UseCanonicalName Off

#

# Each directory to which Apache has access can be configured with respect

# to which services and features are allowed and/or disabled in that

# directory (and its subdirectories). 

#

# First, we configure the "default" to be a very restrictive set of 

# features.  

#

<Directory />

    Options FollowSymLinks

    AllowOverride None

</Directory>

#

# Note that from this point forward you must specifically allow

# particular features to be enabled - so if something's not working as

# you might expect, make sure that you have specifically enabled it

# below.

#

#

# UserDir: The name of the directory that is appended onto a user's home

# directory if a ~user request is received.

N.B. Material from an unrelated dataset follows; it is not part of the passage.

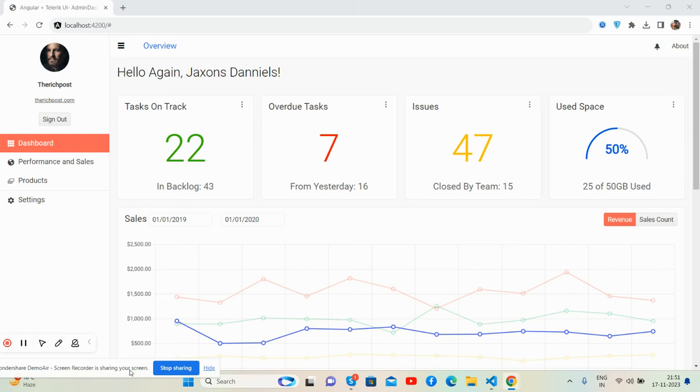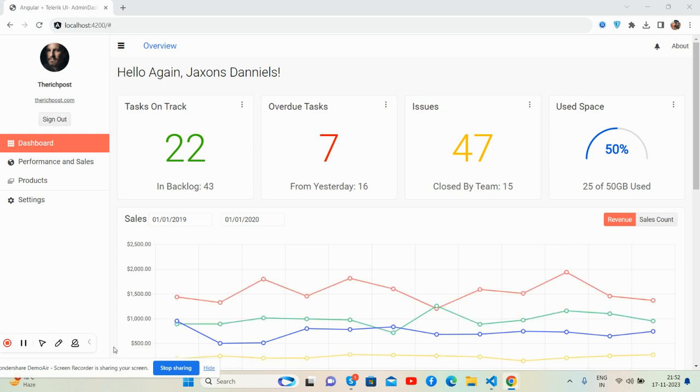Hello guys, how are you? Welcome back to my channel, The Rich Post and Free Templates. I hope you all are doing great. In this video I'm going to show you a beautiful admin dashboard template using the latest version of Angular plus Tailwind UI. Before showing you the working demo, please watch the video till the end and subscribe to my channel for the latest Angular updates.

# enable by adding -D USERDIR to /etc/conf.d/apache2

#

<IfModule mod_userdir.c>

    UserDir public_html

#

# Control access to UserDir directories.  The following is an example

# for a site where these directories are restricted to read-only.

#

    <Directory /home/*/public_html>

        AllowOverride FileInfo AuthConfig Limit Indexes

        Options MultiViews Indexes SymLinksIfOwnerMatch IncludesNoExec

        <Limit GET POST OPTIONS PROPFIND>

            Order allow,deny

            Allow from all

       </Limit>

       <LimitExcept GET POST OPTIONS PROPFIND>

            Order deny,allow

            Deny from all

       </LimitExcept>

    </Directory>

# Enable this additional section if you would like to make use of a

# suexec-enabled cgi-bin directory on a per-user basis.

#

#<Directory /home/*/public_html/cgi-bin>

#    Options ExecCGI

#    SetHandler cgi-script

#</Directory>

</IfModule>

#

# DirectoryIndex: sets the file that Apache will serve if a directory

# is requested.

#

# The index.html.var file (a type-map) is used to deliver content-

# negotiated documents.  The MultiViews Option can be used for the 

# same purpose, but it is much slower.

#

DirectoryIndex index.html index.html.var

#

# AccessFileName: The name of the file to look for in each directory

# for additional configuration directives.  See also the AllowOverride 

# directive.

#

AccessFileName .htaccess

#

# The following lines prevent .htaccess and .htpasswd files from being 

# viewed by Web clients. 

#

<FilesMatch "^\.ht">

    Order allow,deny

    Deny from all

</FilesMatch>

#

# TypesConfig describes where the mime.types file (or equivalent) is

# to be found.

#

TypesConfig /etc/mime.types

#

# DefaultType is the default MIME type the server will use for a document

# if it cannot otherwise determine one, such as from filename extensions.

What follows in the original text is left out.